Milan regenerates us until we’re drained, or the city that gave us a language to criticize it — and a job to stop doing so.

When I moved to Milan seven years ago, I came from a financially stable background, raised in the Emilia-Romagna of “everything works” and rights taken for granted.
But my idea of freedom was elsewhere.
Milan was the city where you could be many things at once, where words moved faster than trains, where you didn’t need permission to have an idea.
That’s where I wanted to test myself, challenge myself, learn how to build.
I’ve always believed that cities are the most explicit terrain for political and social contradictions, and I’ve always fought to read them, transform them, cross them without being crushed by them.

Over these years, I’ve worked, written, studied Milan from the inside.
I’ve dealt with sustainability, accessibility, urban justice.
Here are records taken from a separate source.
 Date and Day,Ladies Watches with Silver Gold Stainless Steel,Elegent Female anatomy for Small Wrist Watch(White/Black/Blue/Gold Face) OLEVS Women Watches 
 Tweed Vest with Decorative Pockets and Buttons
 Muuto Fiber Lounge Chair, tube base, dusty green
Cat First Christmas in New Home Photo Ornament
I’ve taken part in projects, competitions, international calls, searching for solutions in a city that seemed increasingly out of breath.
But what was supposed to be an intellectual and political challenge has slowly turned into hand-to-hand combat with a city that regenerates everything — except itself.
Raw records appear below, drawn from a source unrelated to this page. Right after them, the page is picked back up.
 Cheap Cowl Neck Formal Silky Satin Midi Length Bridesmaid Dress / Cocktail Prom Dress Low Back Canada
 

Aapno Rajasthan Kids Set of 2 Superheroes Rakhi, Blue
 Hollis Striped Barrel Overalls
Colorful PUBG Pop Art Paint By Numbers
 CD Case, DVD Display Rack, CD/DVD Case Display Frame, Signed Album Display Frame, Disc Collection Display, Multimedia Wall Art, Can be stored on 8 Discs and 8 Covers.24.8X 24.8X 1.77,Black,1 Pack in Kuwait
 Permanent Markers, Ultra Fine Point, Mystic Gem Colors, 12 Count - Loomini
The word “regeneration” is everywhere.
On magazine covers, in press releases, in posters announcing new squares, new parks, new districts.
And yet, in many cases, regeneration doesn’t mean healing: it means selling, packaging, replacing.
Entire neighborhoods are rewritten in the name of innovation, while those who actually lived there are pushed out, marginalized, forgotten.
There is greenery, but it photographs better than it lives.
There is safety, but only for those who can afford to buy it.

Milan isn’t rotten because it’s illegal.
Milan is rotten because all of this is legal.

Those who work in architecture, urban planning, cultural communication — we know it well.
We know that many of the projects we take part in are just pieces in a larger machine, hard to name yet painfully evident.
You don’t get to save yourself by saying “I do my part well”: this city demands complicity, even when you try to resist it.
The paradox is that Milan gives you the language to critique it, and then hires you so you’ll stop doing it.
It asks you for vision, but only within boundaries.
It asks you for care, but only if it helps sell a product.
It asks you for ideas, but not for questions.

And so many of us — professionals, activists, researchers — find ourselves stuck in a subtle trap.
We work for the very city we wish were different.
We fool ourselves into thinking we can change it from within, but every day we realize the rules of the game have already been written.
Every word we use — sustainability, inclusion, accessibility — risks becoming a blunted formula.
Not for lack of faith, but for lack of real space.

Sometimes I think Milan is a foreign language I’ve learned too well.
I know how to speak it, how to decode it, how to take it apart.
But sometimes I just want to unlearn it, forget its logic, its race, its hunger.
I want a city that doesn’t ask me to earn every square meter, every hour of sleep, every breath.
A city that regenerates not spaces, but relationships.
A city that doesn’t need saving in order to truly exist.